If you spend as much time as I do around sales teams, you are familiar with the term “Happy Ears.”
Happy Ears is what a sales person has when he reports back nothing but sunshine and lollipops related to his calls, demos, conversion rates, or bookings, until the quarter is over and he did not meet his quota.
The best Chief Revenue Officers I have worked with manage Happy Ears within their teams.
Generally, sales reps take great pride in their work. They want to keep their job, and are usually competitive. A sales rep doesn’t like knowing that the guy in the next cube will kill the quarter when he is not.
He wants to kill it.
And as such, he may wait until the very last minute to admit to himself (and you) that he did not accomplish what he set out to.
A great Chief Revenue Officer will know this, and correct for it in his forecasts. An excellent Chief Revenue Officer will see Happy Ears as an undesirable trait in his team, one that needs to be trained out.

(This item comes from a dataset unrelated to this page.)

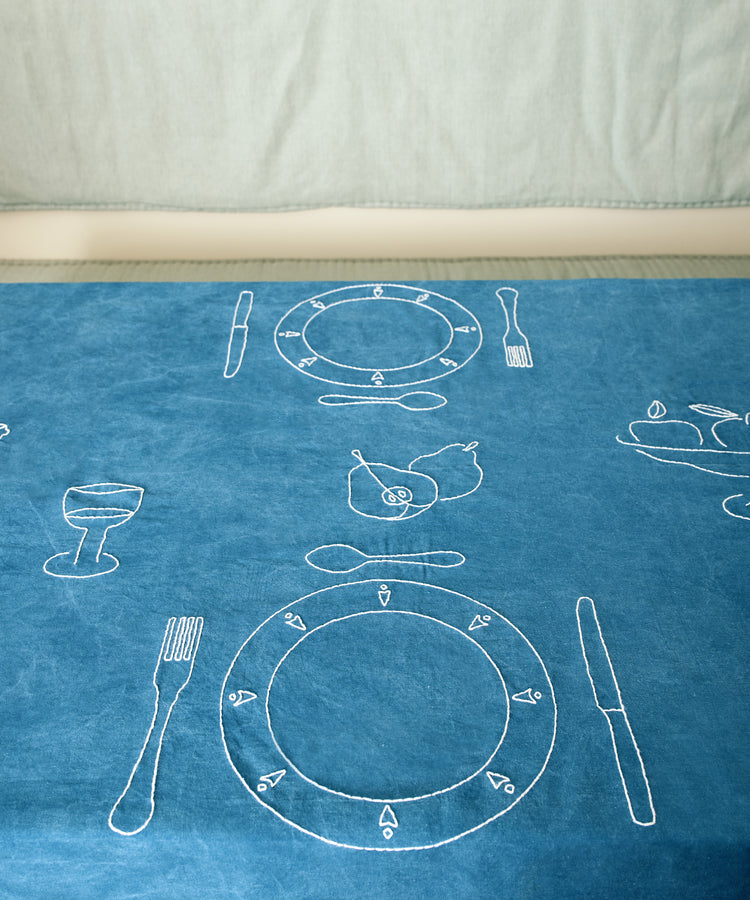 Dîner d'Eté custom tablecloth in indigo linen spread on table, embroidered with white thread place setting motifs.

As an on-demand CFO, I work with companies in transition. What they all have in common is change, and all change is hard. There is no secret sauce to making really tough decisions easy.
However, facts pretty much always help to make difficult decisions easier.

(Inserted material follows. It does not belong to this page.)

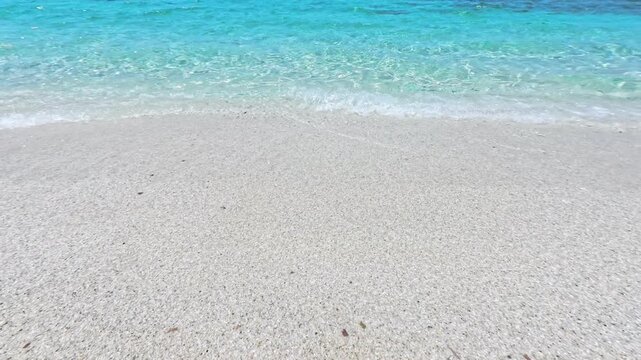 Colorful quartz pebbles and clear water on the shoreline at Mari Ermi, Sardinia, Italy
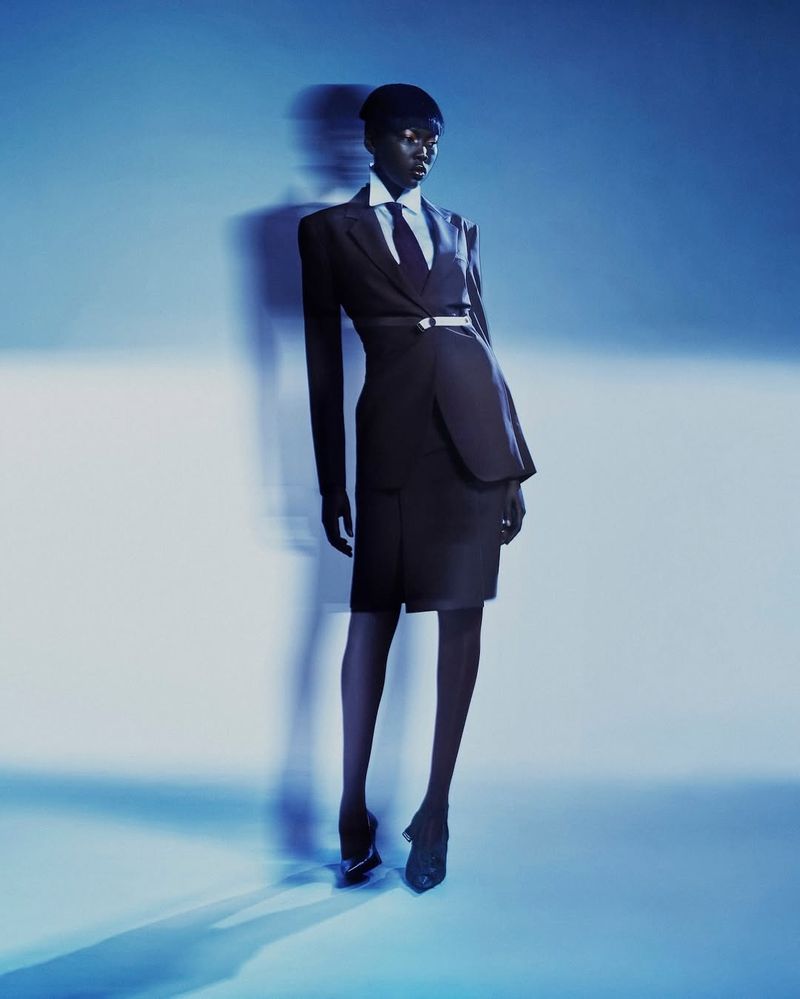 Model in a tailored black suit, white shirt, and tie standing against a cool blue studio background with motion blur shadows.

If my favorite Chief Revenue Officer had Happy Ears, I would find out the true sales or bookings numbers only four times per year, at the end of every quarter. Every other day I would be fed a steady diet of information where optimism was a reasonable proxy for data.
As a CFO, Happy Ears is dangerous.
You do not want your CFO to have Happy Ears any more than you want your Chief Revenue Officer to be wrong with his forecast only four times per year.
It is very tempting for a CFO to be overly optimistic about the state of business. CFOs are just as competitive as sales reps. Browse through the LinkedIn profiles of your garden-variety software CFO and you will see, proudly displayed, the number of IPOS, number of exits, and capital raised.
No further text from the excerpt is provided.